TALLER LITERARIO: Tres textos de Micaela Sethman (2do 1ra): Agonizar, Ella y La víctima victimaria




Agonizar    
                                                                                   
¿Por qué esa clase de hechos que parecen pertenecer a una película nos llenan de preguntas la cabeza? ¿Por qué son esos momentos los que no podemos olvidar nunca? ¿Por qué es esa sensación de derrumbe y vacío la que todavía tengo en el pecho, cuando debería cada día agasajarme con los mejores recuerdos y las más placenteras sensaciones? ¿Cómo no cuestionarse desde ese día y por los veintisiete años que vendrían luego si realmente después de aquella vida no tendría otras? ¿Sería mi condena por no haber salvado a mi hermano? ¿Eso era lo que me merecería? ¿Morir y volver a nacer, una, cinco y un millón de veces para en mis agonías recordar esta vida y revivir cómo lo vi yacer muerto en el suelo?
Agonizar.
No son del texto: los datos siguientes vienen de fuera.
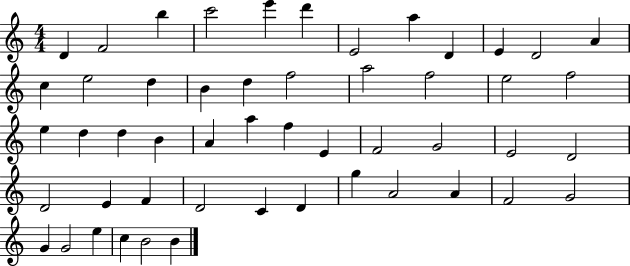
D4/q F4/h B5/q C6/h E6/q D6/q E4/h A5/q D4/q E4/q D4/h A4/q C5/q E5/h D5/q B4/q D5/q F5/h A5/h F5/h E5/h F5/h E5/q D5/q D5/q B4/q A4/q A5/q F5/q E4/q F4/h G4/h E4/h D4/h D4/h E4/q F4/q D4/h C4/q D4/q G5/q A4/h A4/q F4/h G4/h G4/q G4/h E5/q C5/q B4/h B4/q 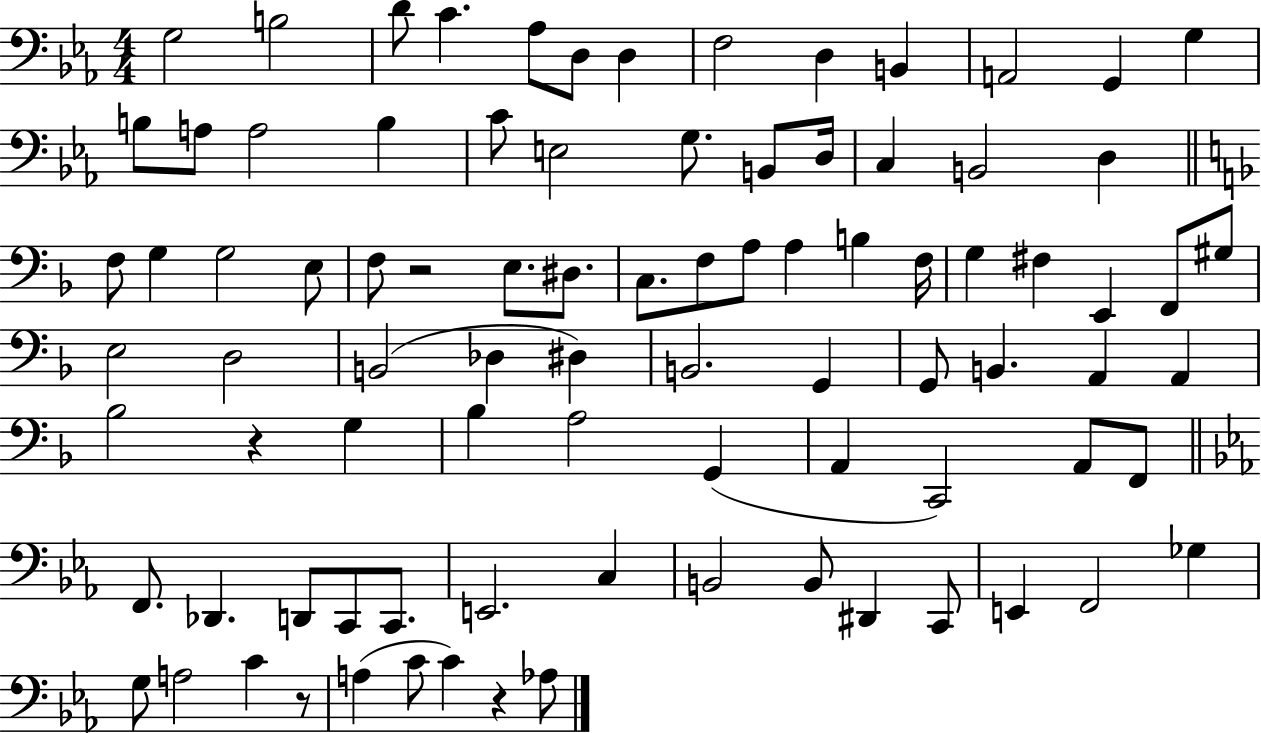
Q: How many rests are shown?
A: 4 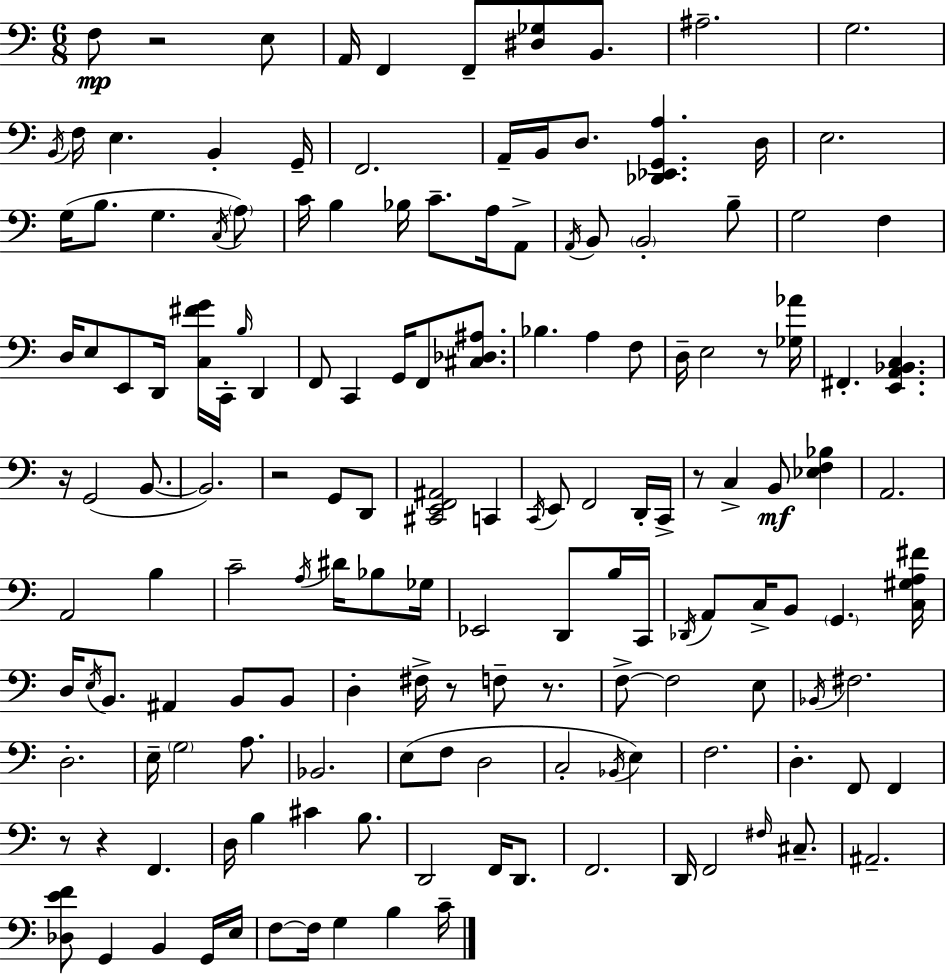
{
  \clef bass
  \numericTimeSignature
  \time 6/8
  \key c \major
  f8\mp r2 e8 | a,16 f,4 f,8-- <dis ges>8 b,8. | ais2.-- | g2. | \break \acciaccatura { b,16 } f16 e4. b,4-. | g,16-- f,2. | a,16-- b,16 d8. <des, ees, g, a>4. | d16 e2. | \break g16( b8. g4. \acciaccatura { c16 }) | \parenthesize a8 c'16 b4 bes16 c'8.-- a16 | a,8-> \acciaccatura { a,16 } b,8 \parenthesize b,2-. | b8-- g2 f4 | \break d16 e8 e,8 d,16 <c fis' g'>16 c,16-. \grace { b16 } | d,4 f,8 c,4 g,16 f,8 | <cis des ais>8. bes4. a4 | f8 d16-- e2 | \break r8 <ges aes'>16 fis,4.-. <e, a, bes, c>4. | r16 g,2( | b,8.~~ b,2.) | r2 | \break g,8 d,8 <cis, e, f, ais,>2 | c,4 \acciaccatura { c,16 } e,8 f,2 | d,16-. c,16-> r8 c4-> b,8\mf | <ees f bes>4 a,2. | \break a,2 | b4 c'2-- | \acciaccatura { a16 } dis'16 bes8 ges16 ees,2 | d,8 b16 c,16 \acciaccatura { des,16 } a,8 c16-> b,8 | \break \parenthesize g,4. <c gis a fis'>16 d16 \acciaccatura { e16 } b,8. | ais,4 b,8 b,8 d4-. | fis16-> r8 f8-- r8. f8->~~ f2 | e8 \acciaccatura { bes,16 } fis2. | \break d2.-. | e16-- \parenthesize g2 | a8. bes,2. | e8( f8 | \break d2 c2-. | \acciaccatura { bes,16 }) e4 f2. | d4.-. | f,8 f,4 r8 | \break r4 f,4. d16 b4 | cis'4 b8. d,2 | f,16 d,8. f,2. | d,16 f,2 | \break \grace { fis16 } cis8.-- ais,2.-- | <des e' f'>8 | g,4 b,4 g,16 e16 f8~~ | f16 g4 b4 c'16-- \bar "|."
} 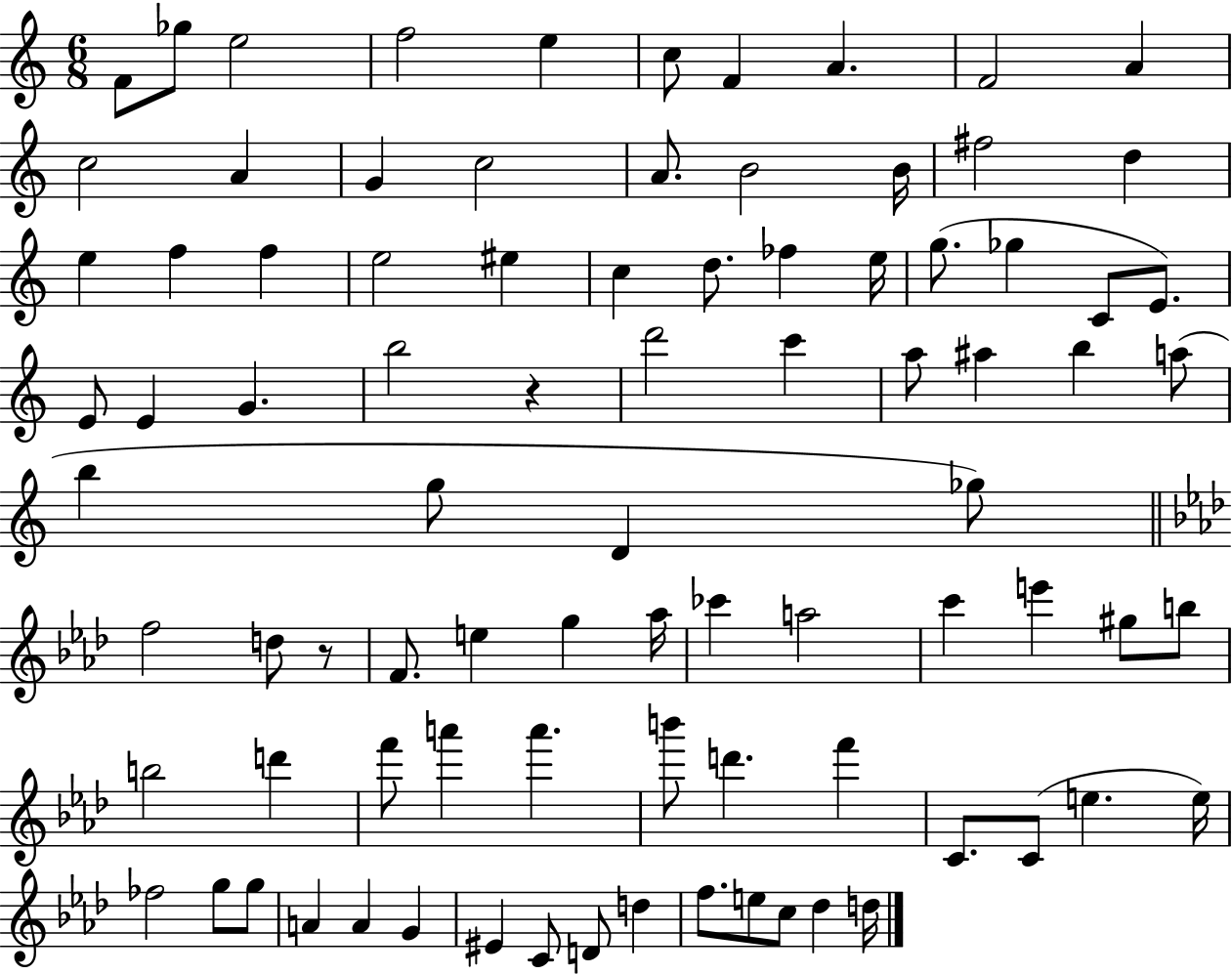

No podía esperar a agonizar para descubrir en qué número de vida había estado todos esos años y para así descubrir si en alguna vida anterior había vivido algo peor, logrando que el consuelo me abrazara mientras empezaba una nueva vida de manera literal. Con qué poco se consuelan los hombres miserables.
 El vocabulario será cómo el té, pero definitivamente la miseria humana es como la agonía. Dolor que se siente interminable y que finalmente termina, pero solo para darle paso a un nuevo dolor en el que más dolor nos hace olvidar del resto de las cosas que nos dolieron, nos duelen y nos dolerán.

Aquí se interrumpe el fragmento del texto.